Protection du concept : l’action en parasitisme inefficace

Les idées s’envolent, les concepts restent… Le droit d’auteur ne protège que l’expression matérielle de l’idée. Cette dernière en effet doit rester de libre reprise sous peine d’entraver la créativité artistique.

En revanche, l’idée telle qu’elle est matérialisée, et en quelque sorte réalisée sur un support tangible, doit être protégée de toute reprise indue. Si la théorie paraît relativement simple, une telle règle pose bien des difficultés en pratique, notamment lorsqu’il s’agit pour une entreprise de protéger un concept clé. A l’heure où l’originalité d’une offre commerciale constitue souvent la valeur économique centrale d’une entreprise, la protection du concept est un enjeu majeur au regard de ces règles du droit d’auteur.

C’est l’objet de l’arrêt rendu par la première chambre civile de la Cour de cassation le 22 juin 2017 (Cass. 1re civ., 22 juin 2017, n°14-20.310). En l’espèce, un artiste avait réalisé une série de dessins identifiant des mets par référence à des vins auxquels ils sont associés. Il était ainsi titulaire de plusieurs marques semi-figuratives françaises constituées de l’appellation de mets dans trois déclinaisons, comme « spaghetti pasta tortellini », « agneau lamb agnello », ou encore « canard duck pato ».

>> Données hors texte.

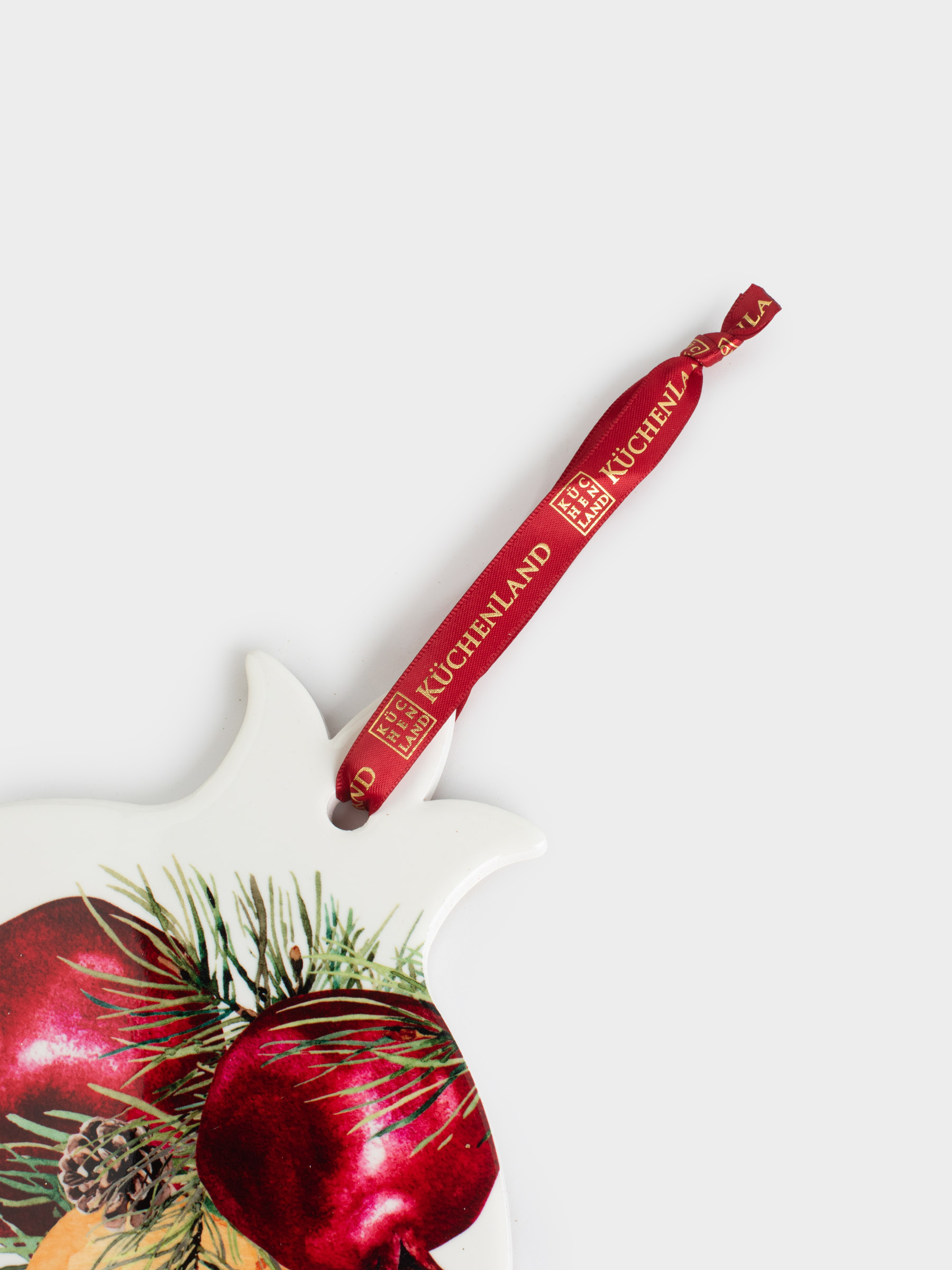 Подставка под горячее, 20x23 см, керамика/пробка, белая, Гранаты и апельсины, Christmas miracle, image-2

Ayant obtenu une licence d’exploitation exclusive sur ces marques et dessins, la Société Vinival les apposait sur des bouteilles de sa gamme « boire et manger ». L’auteur avait par la suite transféré le bénéfice de cette licence à sa société Planète terroirs.

Or, à la suite de la cessation définitive d’activité de Planète terroirs, Vinival avait cessé de régler les redevances. Constatant que la société Lacheteau, venant aux droits de Vinival, continuait de commercialiser des bouteilles de vins avec ses dessins, l’auteur l’avait assignée en contrefaçon de droits d’auteur et de marques et en parasitisme.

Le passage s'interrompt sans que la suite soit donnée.